Calls for nonviolence as anti-Black racist expressions
Almost three months to the date of May 29th, unnamed folks hit up San Jose mayor’s house, Sam Liccardo. Anti-police terror and pro-Black lives messages were written all over his house.
After the tagging of Liccardo’s house, his bootlicker neighbors quickly took to their knees to clean up and condemn the taggers for their “violent” means of expression. The “bad protester” trope was uttered and spread through the local media promptly—this remains the oldest tactic of the nonviolent (racist) self moralizing crowd.
Some of Liccardo’s neighbors and online supporters even pointed to the fact that he has a Black Lives Matter flag that hangs in his front window as a sign of his commitment to “good protesting.” This can only be true if you ignore the fact that this man is a millionaire with power over the murderous San Jose PD and a staunch supporter of Silicon Valley’s gentrification & death policies.

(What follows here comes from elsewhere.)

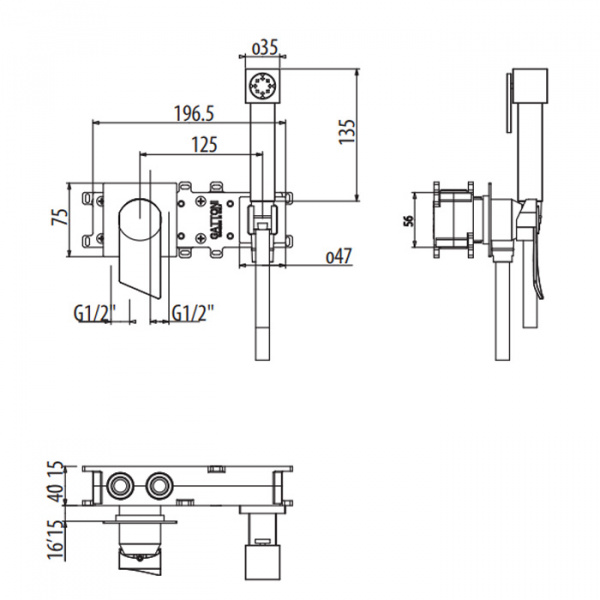 Gattoni Kubik Гигиенический душ со встроенным смесителем, цвет: bianco opaco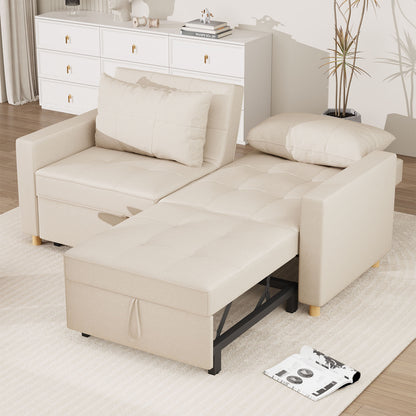 YODOLLA 71" Sleeper Sofa Bed & 3-in-1 Futon Pull Out Couch for Living Room & Bedroom, Convertible Loveseat in Beige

Yet, again the peace police jumped to the rescue to say that they too condemn violence, as if paint on a millionaires house equated to the murders of folks at the hands of the state. This argument is disingenuous at best and deeply white supremacist at worst.
Vicky Osterweil says it best in Chapter 7 of In Defense of Looting, “Nonviolence puts the entire moral weight of politics onto the backs of the oppressed. It takes the history of white supremacy and settler colonialism for granted and says that the responsibility for changing the violent nature of that history lies entirely with the people who are currently being crushed by that violence…”
“Nonviolence turns this historical accounting upside down. The nonviolent worldview, focusing entirely on protestors and not on police, ultimately obscures the responsibilities of the state, racists, and fascists, because it frames their much more extreme repressive violence as ‘natural’ and normal.”
“Nonviolence lets the police, and the systems they defend, off the hook.”